Our two-week trip to Sicily ended recently, and what an interesting and beautiful region it was. The food was pretty spectacular too. We traveled with a British tour company called Esplora, and if you’re looking for a recommendation, this is one. Esplora and its founder Damian Croft, specialize in small-group tours of several Mediterranean countries, as well as Armenia, Georgia, and, soon, Iran.
There were a dozen of us on the tour, six Brits, an Australian couple, and four Americans. We had two charming guides (Chiara and Simona) and our irreplaceable driver/major domo, Carmelo. Our guides were language and art history specialists. How nice, I thought, in advance. How essential, I’d say now. Here’s why (and before I go on, I’ll tip you that we saw the impressive architectural remnants of all these civilizations.)
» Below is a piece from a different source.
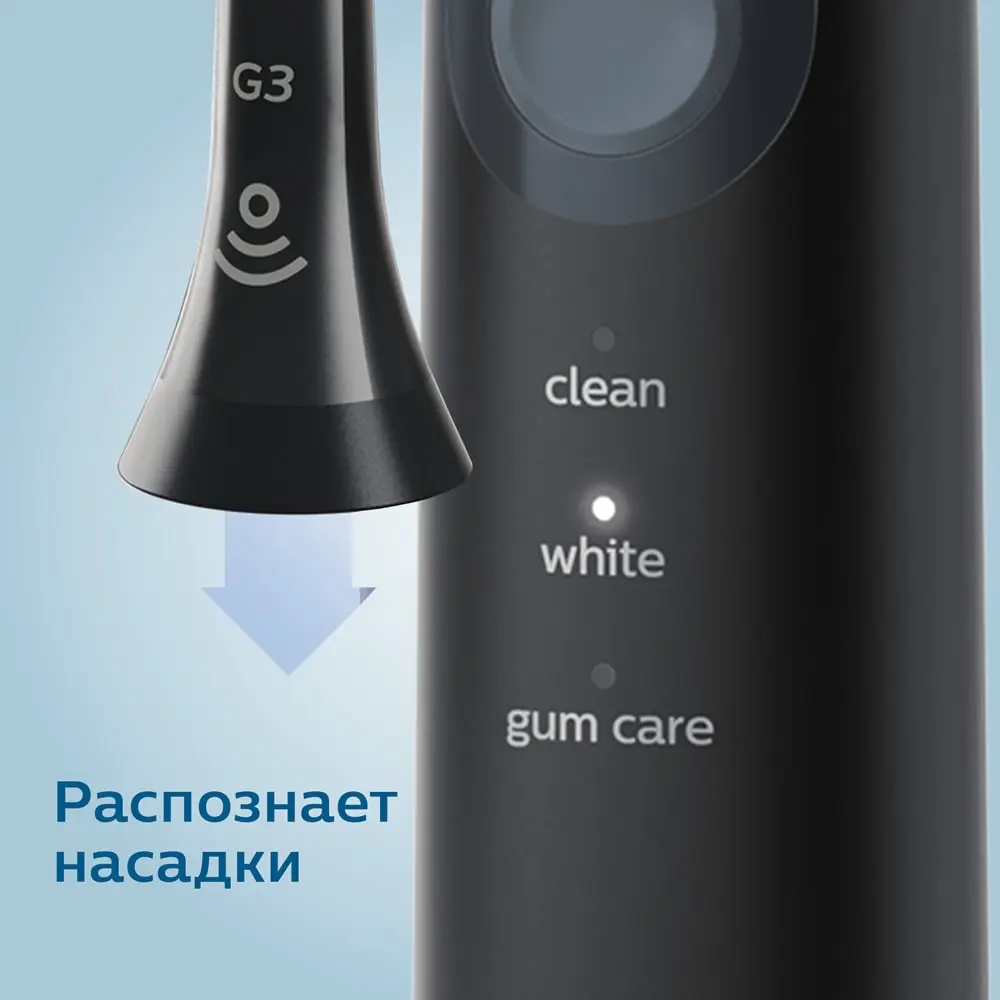 Электрическая зубная щетка Philips Sonicare ProtectiveClean HX6850 | Бытовая техника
The earliest tribes in Sicily, the Sicani, documented to around 8000 BC, were followed by the Sicels and some minor groups. They lived in caves, and some of their caves are still in use for storage, as shelters for goats and chickens, and in extremis, habitation.
Sicily was a crossroads of the ancient world, and for at least some period, Siracusa was the most important city in Europe. This importance began with the arrival of the Greeks, who set up independent colonies in Siracusa, Agrigento, and elsewhere. Domination of the island was passed back and forth in practically nonstop wars between the Greeks, Romans (who established colonies under Roman authority), and barbarians, namely, the Germanic Vandals and Ostrogoths.
The Byzantines annexed Sicily in 535 AD, and were harassed by invading Arabs from Carthage (now Tunisia) in north Africa. Next came the Normans—yes, those same Normans who invaded England in 1066. This was a surprise! They established liberal government, tolerant of the many ethnicities and religions who lived on the island. That couldn’t last, of course.
Swabian Germans took over, followed by an insurrection to remove the French (Normans) and the people turned to the Spanish for aid. The Spanish Inquisition in 1492 resulted in expulsion of all the Jews from Sicily and other depredations. In the next two hundred years, the island also suffered devastating earthquakes, and the plague.
The Bourbons were next, with Sicily fighting on France’s side in the Napoleonic Wars. Guiseppe Garibaldi had a strong presence in Sicily in his successful effort to unite the separate regions of Italy into a united Kingdom of Italy (1861).
In the 20th century, assaulted first by waves of crime from the Mafia then invaded by the Allies in 1943, this little island of less than 10,000 square miles—not much larger than the state of New Jersey—was once again at the crossroads of history.